Seperti diceritakan oleh Syukri AR, Ketua Lembaga Seni Budaya dan Olahraga (LSBO) PP Muhammadiyah, Ir Djuanda yang merupakan lulusan Technische Hoge School(sekarang ITB) pernah ditawari oleh salah satu Profesor yang mengajar di Technische Hoge School untuk menjadi asistennya, namun ditolak oleh Ir Djuanda.

“Padahal saat itu Ir Djuanda akan diberi gaji sebesar 275 Golden. 275 Golden pada masa itu merupakan nominal uang yang cukup besar. Namun, Ia tolak tawaran Profesor tersebut dan lebih memilih untuk mengabdikan diri penjadi pengajar di Sekolah Muhammadiyah, saat itu bersama Maria Ulfah Santoso,” terang Syukri ketika ditemui redaksi Muhammadiyah.or.id, beberapa waktu lalu.

Di masa kepemimpinannya sebagai Direktur Sekolah Muhammadiyah, menurut Syukri, Ir Djuanda merupakan sosok yang memiliki sikap tenang, ramah, dan tidak mudah marah.

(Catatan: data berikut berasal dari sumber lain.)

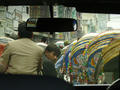 a rickshaw-wallah looking at us!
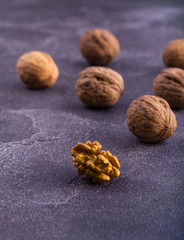 Whole and cracked walnuts on blue textured surface, side view. Healthy nuts and seeds.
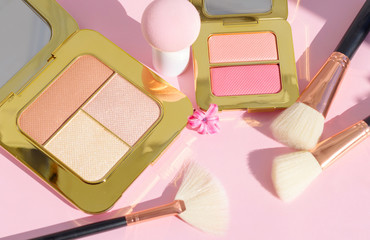 premium makeup brushes, sponge and blush pads on a bright colorful pink and blue background,...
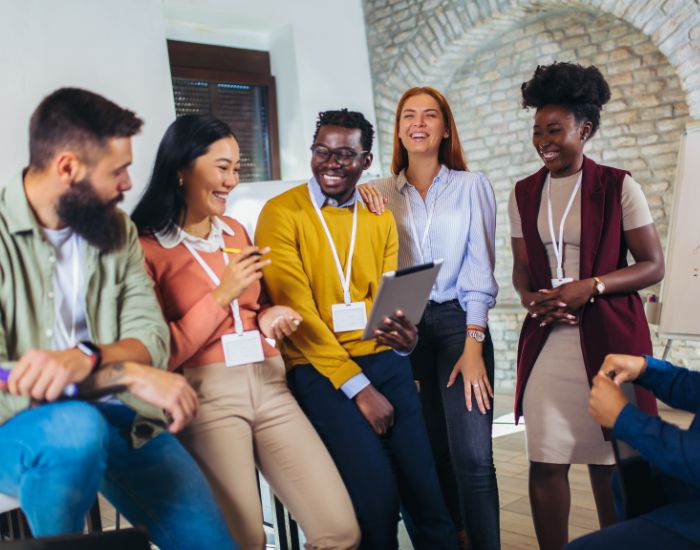 Employees standing and smiling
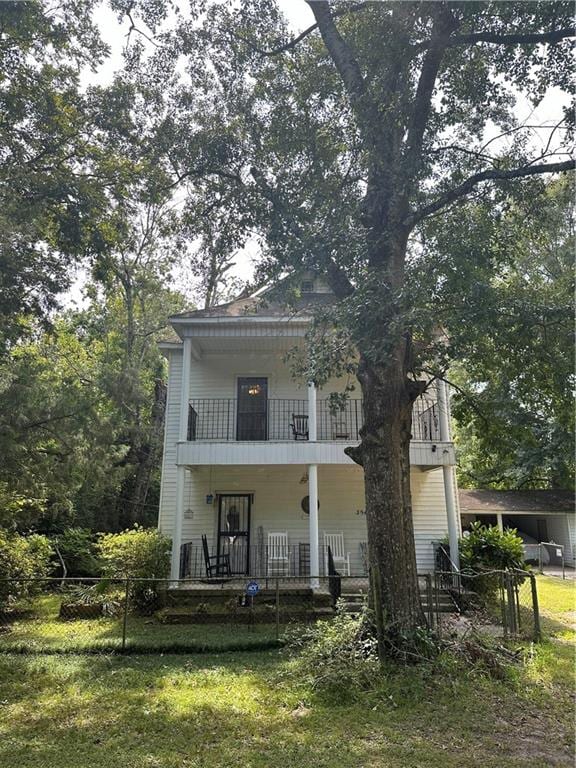 rear view of house with a balcony and a yard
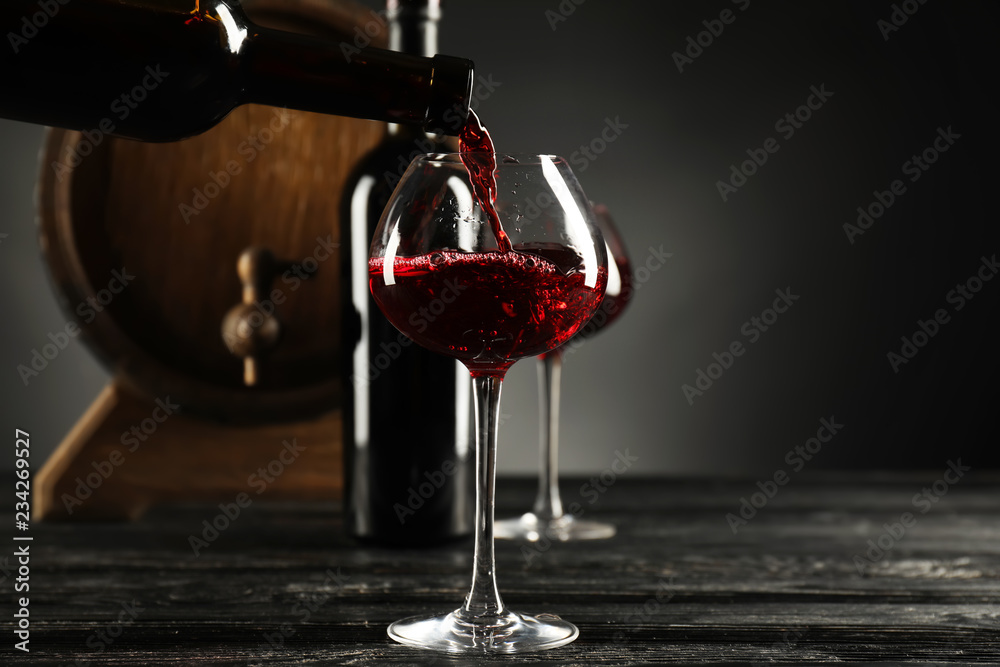 Pouring of wine from bottle into glass on dark background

“Siswa-siswanya memandang bahwa Ir Djuanda sebagai seorang Direktur yang lemah-lembut, simpatik dan disegani. Hal itu dibuktikan Ir Djuanda untuk selalu berusaha meningkatkan mutu pendidikan para siswanya sehingga tidak kalah dari mutu sekolah SMA Pemerintah Belanda,” ujar Syukri.

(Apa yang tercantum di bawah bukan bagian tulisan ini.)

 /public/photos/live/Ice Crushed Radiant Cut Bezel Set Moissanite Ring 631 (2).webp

Mulai menjelang kemerdekaan RI, Ir Djuanda aktif dalam pemerintahan, sederet jabatan di pemerintahan pun pernah dijabat oleh Ir Djuanda, diantaranya pada masa kabinet Moh. Natsir (1950) Ia diamanahkan menjadi Menteri Perhubungan. Demikian juga pada kabinet Sukiman Suwiryo (1951) dan kabinet Wilopo (1952) Ir. Djuanda tetap memegang jabatan Menteri Perhubungan hingga tahun 1953.

 Pada masa kabinet Ali Sastroamijoyo I (1953) dan kabinet Burhanuddin Harahap (1955) Ir. Djuanda tidak duduk dalam kabinet, selama tiga tahun. Ia muncul kembali sebagai Menteri Negara Urusan Perencanaan pada kabinet Ali Sastroamijoyo II pada tahun 1957.Dan Selama tahun 1953 – 1956, Ir.Djuanda menjadi Direktur Biro Perancang Negara, yang menitikberatkan perencanaan pembangunan pertanian, irigasi, jalan, pelabuhan dan infra stuktur lainnya.

“Selain itu, Ir Djuanda juga mencanangkan Deklarasi Juanda pada 13 Desember 1957, yaitu dengan mengintegrasikan seluruh wilayah kepulauan dan laut yang menjadi wilayah teritorial Indonesia,” terang Syukri.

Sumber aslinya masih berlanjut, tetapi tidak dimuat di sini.